# Hardman Cyclone Mixing Paddles



## Workaholic (Apr 17, 2007)

I have been using this mixing paddle for about three weeks now. http://www.hardmansystems.com/products/paddles/

This is a very strong and very well made mixing paddle, it was created to mix drywall but I have been using it for mixing paint and it does a very good job, it cleans off easy and is a "tools for life" product so if it breaks it is replaced. It mixes a 5'er really well and it is fast as well. The mixer pivots so that it pulls the bottom of the product up. 

I tried to find flaws with this mixer and the only flaw that I am so far able to find is that it is powerful and if you have a high powered drill and do not put it on a low setting it will fling paint out of the bucket, if you are aware of this before using it should not be a problem. 

I believe that if this was marketed to paint vendors a gallon sized version would be required and would also be in my arsenal as well. 

I am only starting this thread because I was impressed with this mixer and thought that if any of my brothers of the brush were in the market for a new mixer this was the one to have and their knives and pans are nice as well. 
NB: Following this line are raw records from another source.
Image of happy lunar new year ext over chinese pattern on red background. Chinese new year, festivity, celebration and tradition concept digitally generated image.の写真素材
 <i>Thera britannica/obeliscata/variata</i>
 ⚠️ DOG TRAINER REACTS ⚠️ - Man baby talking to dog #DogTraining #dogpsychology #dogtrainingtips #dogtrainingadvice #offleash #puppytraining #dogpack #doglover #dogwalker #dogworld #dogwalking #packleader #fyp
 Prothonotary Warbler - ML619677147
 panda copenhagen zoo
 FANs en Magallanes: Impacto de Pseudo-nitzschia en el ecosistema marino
I will try and take a picture of it in action tomorrow when I use it again.


----------



## Workaholic (Apr 17, 2007)

I have used this product for awhile now and here is a review I wrote on it at 
http://bloggingpainters.com/cyclone-mixing-paddles/


----------



## RH (Sep 7, 2010)

Thanks for taking the time to do this Sean.


----------



## RCP (Apr 18, 2007)

Good post Sean, the journey has just begun!


----------



## Workaholic (Apr 17, 2007)

Thanks peeps. That was my toe in the water piece.

Chris the google places should be active tomorrow.


----------



## Softy (Jul 19, 2009)

Thanks for the idea but how does it perform with mud or texture? I been using metal squirrel cage. It does well for paint but annoying clog for mud or text.


----------